(Corrects headline to falling inventories, higher refinery
runs, not rising inventories)
By Henning Gloystein
SINGAPORE, Nov 18 (Reuters) - U.S. crude oil prices edged
above $41 a barrel in early trading in Asia on Wednesday
following reports of falling stockpiles and rising refinery
activity, but analysts said the market would remain under
pressure for the rest of the year and into 2016.
Industry group American Petroleum Institute (API) said late
on Tuesday that U.S. crude stockpiles fell last week by 482,000
barrels due to lower imports and higher refinery runs.
This helped push front-month U.S. crude futures CLc1 up 39
cents from their last settlement to $41.06 a barrel at 0025 GMT.
The gain followed an over $1 fall during the previous session.
Official inventory data is due later on Wednesday from the
U.S. government's Energy Information Administration (EIA).
Despite the slight gains on Wednesday, most analysts expect
prices to remain at low levels for the rest of the year and into
2016 as production continues to outpace demand.

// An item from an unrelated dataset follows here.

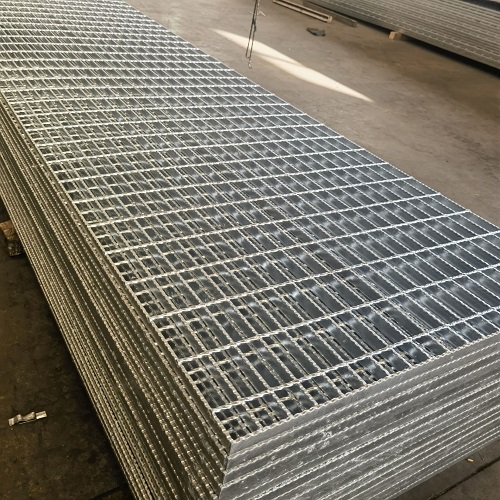 鍍鋅平臺鋼格板的性能分析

"While the growth in U.S. unconventional production appears
to be slowly abating, the upsurge in Organization of the
Petroleum Exporting Countries (OPEC) output, robust global stock
levels, and ongoing uncertainty around the strength of demand
suggest that the oversupply and surpluses are likely to continue
well into next year, exerting continued downward pressure on
prices," the Center for Strategic and International Studies said
in its 2016 outlook on Wednesday.
Analyst estimates for oversupply in 2015 range from 0.7 to
2.5 million barrels of oil being produced per day in excess of
demand.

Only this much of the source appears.